Comme ils incarnent l’esprit de leur peuple, « tous se rassemblent autour des bannières de tels héros, parce qu’ils expriment ce que le temps exige»[20]. Voilà leur spécificité ou mieux leur « charisme ».

Ces héros sont « les plus perspicaces dans leur monde. Ils comprennent au mieux ce qu’il s’agit de faire. Ce qu’ils veulent et font est juste et légitime, quoique cela apparaisse comme leur affaire, leur passion, leur libre arbitre, parce que les autres ne le savent pas encore ce qui est juste. Mais ils doivent nécessairement (müssen) obéir, parce qu’ils le sentent, parce qu’intérieurement il s’agit déjà de leur affaire, laquelle ne parvient que maintenant à l’être-là »[21].

Perspicaces et meneurs d’hommes, ces individus historiques ou héros tiennent des discours et ont des actions qui expriment « ce que requiert le temps, ce qui est vrai, ce qui est nécessaire. C’est seulement par là qu’ils ont une autorité dans le monde, parce qu’ils veulent ce qui est le droit. »[22].

Selon Hegel, ces Héros ont la représentation correct de ce qu’est le droit, « mais ce n’est d’abord que leur représentation»[23]. Cependant, étant les moyens dont se sert la Raison, ils ont des passions et la ruse de la Raison se joue d’eux.

3. ROLE DE LA PASSION ET LA RUSE DE LA RAISON

            Hegel part d’un constat, à savoir que « rien de grand ne s’est produit dans le monde sans passion »[24].

En outre, Hegel enseigne que « l’histoire se fait autrement que ne le veulent les hommes, quelle que soit d’ailleurs leur volonté, et quels que soient leurs buts.
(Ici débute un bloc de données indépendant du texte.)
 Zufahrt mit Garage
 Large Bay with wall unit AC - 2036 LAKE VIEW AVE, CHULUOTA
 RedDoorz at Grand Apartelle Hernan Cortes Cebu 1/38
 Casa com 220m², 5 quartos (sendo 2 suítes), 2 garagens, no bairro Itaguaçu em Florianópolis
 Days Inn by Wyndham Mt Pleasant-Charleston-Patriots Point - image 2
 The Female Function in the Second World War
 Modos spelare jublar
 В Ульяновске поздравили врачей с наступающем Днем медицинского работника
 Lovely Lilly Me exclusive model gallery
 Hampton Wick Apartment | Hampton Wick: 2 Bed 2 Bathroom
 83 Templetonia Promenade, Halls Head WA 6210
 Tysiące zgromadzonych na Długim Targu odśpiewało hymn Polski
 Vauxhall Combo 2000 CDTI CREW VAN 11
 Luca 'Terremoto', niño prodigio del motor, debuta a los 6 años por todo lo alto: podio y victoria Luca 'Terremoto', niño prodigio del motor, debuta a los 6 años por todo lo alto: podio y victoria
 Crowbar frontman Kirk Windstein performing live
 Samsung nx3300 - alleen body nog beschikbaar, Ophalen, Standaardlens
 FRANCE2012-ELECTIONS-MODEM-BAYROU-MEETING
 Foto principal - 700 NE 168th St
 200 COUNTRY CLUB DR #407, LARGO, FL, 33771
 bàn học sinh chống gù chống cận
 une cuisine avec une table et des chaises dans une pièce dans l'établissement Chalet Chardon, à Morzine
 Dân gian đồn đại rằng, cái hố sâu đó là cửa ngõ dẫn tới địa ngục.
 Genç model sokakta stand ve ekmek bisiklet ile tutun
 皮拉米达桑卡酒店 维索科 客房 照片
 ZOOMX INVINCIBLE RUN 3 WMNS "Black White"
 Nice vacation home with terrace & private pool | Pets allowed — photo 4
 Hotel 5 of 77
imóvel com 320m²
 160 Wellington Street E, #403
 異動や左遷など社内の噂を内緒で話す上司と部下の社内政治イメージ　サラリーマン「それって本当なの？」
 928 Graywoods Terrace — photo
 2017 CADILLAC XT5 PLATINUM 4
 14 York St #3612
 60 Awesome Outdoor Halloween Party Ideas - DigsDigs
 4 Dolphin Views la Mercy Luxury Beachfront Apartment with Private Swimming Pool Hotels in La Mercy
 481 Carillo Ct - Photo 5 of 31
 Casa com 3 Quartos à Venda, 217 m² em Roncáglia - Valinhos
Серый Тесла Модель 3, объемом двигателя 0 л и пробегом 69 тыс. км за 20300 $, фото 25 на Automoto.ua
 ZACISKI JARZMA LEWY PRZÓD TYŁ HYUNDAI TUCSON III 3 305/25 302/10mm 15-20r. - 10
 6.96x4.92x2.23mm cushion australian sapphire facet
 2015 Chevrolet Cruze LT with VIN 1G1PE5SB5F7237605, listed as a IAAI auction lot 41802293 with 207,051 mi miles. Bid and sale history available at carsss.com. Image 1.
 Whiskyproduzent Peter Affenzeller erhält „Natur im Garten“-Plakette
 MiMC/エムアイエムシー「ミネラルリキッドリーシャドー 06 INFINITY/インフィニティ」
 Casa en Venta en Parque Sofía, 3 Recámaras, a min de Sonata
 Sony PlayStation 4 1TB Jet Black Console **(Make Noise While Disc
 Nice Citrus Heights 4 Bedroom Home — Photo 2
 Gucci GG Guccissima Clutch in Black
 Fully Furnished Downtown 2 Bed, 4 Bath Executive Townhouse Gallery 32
Le progrès lui-même se réalise dans le dos des individus et même souvent contre leur volonté. »[25]. Selon les propres mots de Hegel, « en général, dans l’histoire mondiale, il sort des actions des hommes autre chose encore que ce qu’ils prennent pour but et atteignent, autre chose encore que ce qu’ils savent et veulent immédiatement. Ils accomplissent leur intérêt, mais quelque chose de plus se produit encore, qui est aussi dedans, intérieurement, mais qui ne se trouvait pas dans leur conscience et dans leur intention »[26]. C’est à ce niveau que passions et ruse de la Raison se côtoient et ne se séparent pas.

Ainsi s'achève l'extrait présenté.